Both were opened while each city celebrated 400 years of existence. Each of them is still the most important football venue locally and both host great and electric derbies! Meet two cauldrons from Colombia!
Plans of building a new stadium for Bogota were first drawn in 1934 as the city was preparing for its 400th anniversary celebrations and first ever Bolivarian Games.
It's the very beginning of its existence that saw both official and unofficial names introduced. Patronage of Nemesio Comacho was earned by the local tycoon when he donated land for the stadium, which stood in El Campín (or camping in English, due to the park existing here).
Construction works were interrupted by a flood, but delays reached only a week, little enough to open in August 1938. Initially its stands held only 10,000 people, but were expanded to 23,500 in 1948. Then, just three years later came complete redevelopment that brought capacity to 54,000. But none of those numbers could effectively cope with demand for top games, leading to overcrowding being present in each of these configurations.
Crowds of up to 60,000 people forced one more expansion in 1968. This was about the time when modernisation process began – in 1967 first floodlit game was played, in 1969 came the first scoreboard. Later on capacity started going down, especially between 1998-2001, when the ground was conversed into an all-seater, with some 47,000 seats. Last, but also significant decrease came in 2011, as FIFA's expectations upon U20 World Cup forced a drop to 36,343.
In its history it held numerous sporting events, with Juegos Bolivarianos and youth World Cup already mentioned. There were also Copa CONMEBOL, Copa America and Copa Libertadores final, among others. And, of course numerous games by two tenant clubs – Santa Fe and Millonarios, both of which consider the stadium their home since 1940s.
Apart from sport there were also quite a few concerts organised here, with James Brown coming first in 1973.
Construction of a new stadium in San Fernando district (thus the nickname Sanfernandino) became possible in 1930 thanks to poet Pascual Guerrero, later patron of the ground, who donated land for the investment.
Its opening took place in 1937, coinciding with Cali's 400-year anniversary.
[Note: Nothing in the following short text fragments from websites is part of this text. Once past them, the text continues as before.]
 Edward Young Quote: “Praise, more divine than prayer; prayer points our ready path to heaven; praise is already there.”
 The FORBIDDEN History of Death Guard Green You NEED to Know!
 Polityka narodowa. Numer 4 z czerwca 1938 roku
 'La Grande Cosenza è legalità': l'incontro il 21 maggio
Football moved in around 1948, while in 1954 decision was made to expand to nearby land with swimming pools, gymnasiums, etc., creating one of the best sports complexes in all of South America.
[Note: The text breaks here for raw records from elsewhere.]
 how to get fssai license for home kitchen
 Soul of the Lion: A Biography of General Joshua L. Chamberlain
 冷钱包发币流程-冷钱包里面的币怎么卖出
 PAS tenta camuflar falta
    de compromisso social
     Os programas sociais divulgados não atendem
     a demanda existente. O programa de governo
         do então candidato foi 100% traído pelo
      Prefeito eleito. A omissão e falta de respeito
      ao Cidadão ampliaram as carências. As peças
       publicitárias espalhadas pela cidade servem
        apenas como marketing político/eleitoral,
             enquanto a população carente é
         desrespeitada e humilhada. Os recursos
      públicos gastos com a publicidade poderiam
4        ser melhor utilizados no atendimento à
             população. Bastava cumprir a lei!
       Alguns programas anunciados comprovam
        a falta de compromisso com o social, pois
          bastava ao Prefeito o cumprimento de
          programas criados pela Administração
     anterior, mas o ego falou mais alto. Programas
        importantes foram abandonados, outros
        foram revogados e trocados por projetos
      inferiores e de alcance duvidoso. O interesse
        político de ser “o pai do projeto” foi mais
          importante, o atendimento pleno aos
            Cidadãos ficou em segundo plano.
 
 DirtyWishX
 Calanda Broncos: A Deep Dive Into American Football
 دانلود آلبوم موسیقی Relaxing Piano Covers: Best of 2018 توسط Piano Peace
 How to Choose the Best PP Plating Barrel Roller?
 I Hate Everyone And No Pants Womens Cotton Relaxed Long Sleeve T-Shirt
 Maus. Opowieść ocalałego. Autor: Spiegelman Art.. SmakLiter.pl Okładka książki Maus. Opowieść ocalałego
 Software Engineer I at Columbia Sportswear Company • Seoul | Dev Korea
Though football wasn't the primary sport, it soon started growing with two largest clubs of Cali, America and Deportivo, finding their home for decades at this very address.
Interestingly, fanatic supporters of both sides occupy the very same sections of the stadium (upper tier of the southern stand), contrary to worldwide custom that opposite ends are chosen at shared stadia. Of course during derby clashes the 'away' side gets the northern away section, almost identic to their regular location.
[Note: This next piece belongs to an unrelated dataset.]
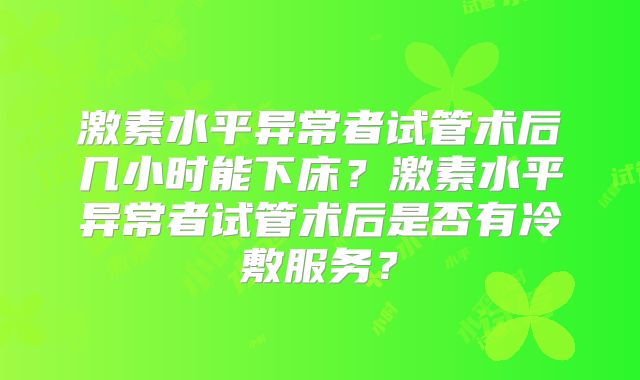 激素水平异常者试管术后几小时能下床？激素水平异常者试管术后是否有冷敷服务？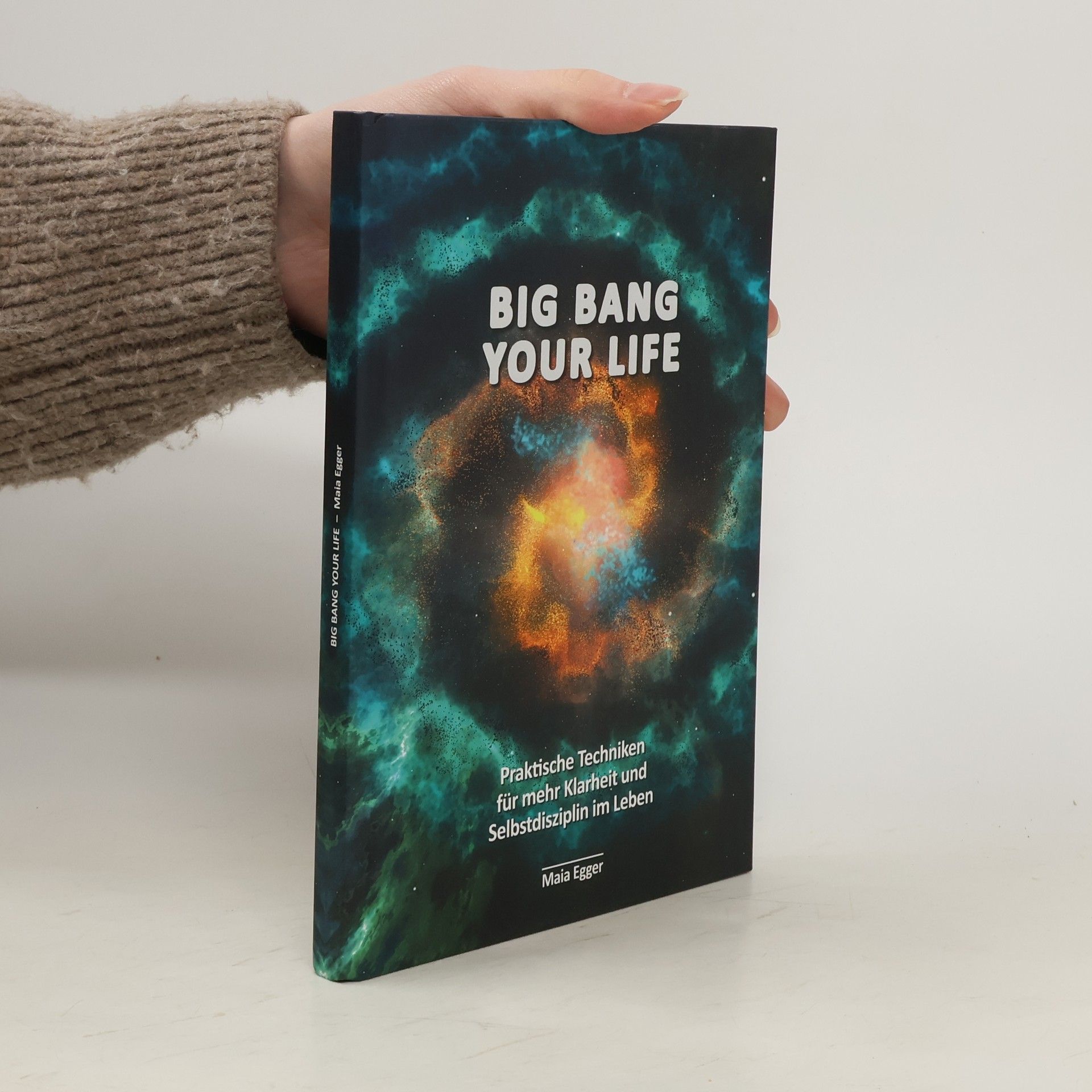 Maia Egger Big Bang Your Life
The stadium went through several major revamps, mainly ahead of large tournaments – before 1971 Pan American Games, 1994 Pacific Games or 2001 Copa America. But the most spectacular changes came for 2011 U20 World Cup. Three sides of the stadium received their very first roof, while the east one also got balconies for press representatives, later transformed into regular advertising space. Ironically, the stadium wasn't ready for the 2011 event, getting finished afterwards.